A rabbit with decreased stool that has stopped eating is often thought to have hairballs, also known as "wool block." True hairballs, however, such as are found in cats and ferrets, are made up entirely of hair. While rabbits do ingest hair during grooming, the hair is usually mixed with food and does not form a true hairball. These masses in the rabbit's stomach, however, can become dehydrated and contribute to gastric stasis, which is a slowdown of the gut. When gastric stasis occurs, the matter in the rabbit's stomach hardens and becomes a dried compact mass that is hard to pass. Without treatment, an intestinal blockage can form, from which rabbits can die.

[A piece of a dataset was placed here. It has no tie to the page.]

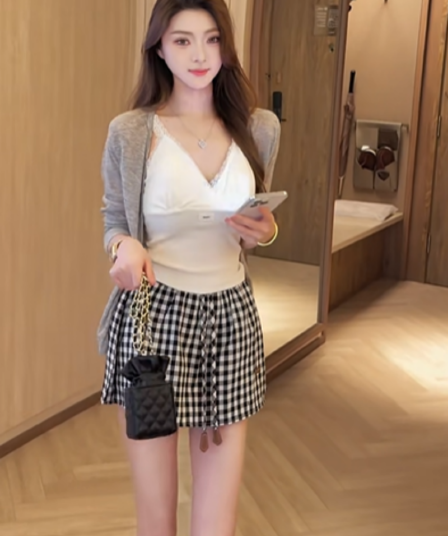 한 스타일 작은 대중 순수한 욕망 바람 V넥 슬립 인사이드 가져 가라. 단색 긴팔 오픈 가디건 하이웨이스트 체크무늬 반신 스커트 3종 세트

The best treatment for hairballs is prevention through a proper diet. Rabbits need a lot of fiber in their diet, and Timothy Hay is a good source. Pet rabbits should have a steady supply of Timothy Hay available at all times. Clean water should also be supplied at all times so that the rabbit can stay properly hydrated. Stools should be checked every few days for any changes in color, size or texture. Normal rabbit stool should be round, hard, and formed. Any decrease in size could signal gastric stasis and is cause for treatment.
A veterinarian will confirm a diagnosis of gastric stasis, and if the rabbit is in any obvious discomfort or has stopped eating or drinking entirely, an emergency trip to the veterinarian is needed. In serious cases, the veterinarian may prescribe intestinal stimulants, such as metacloprimide.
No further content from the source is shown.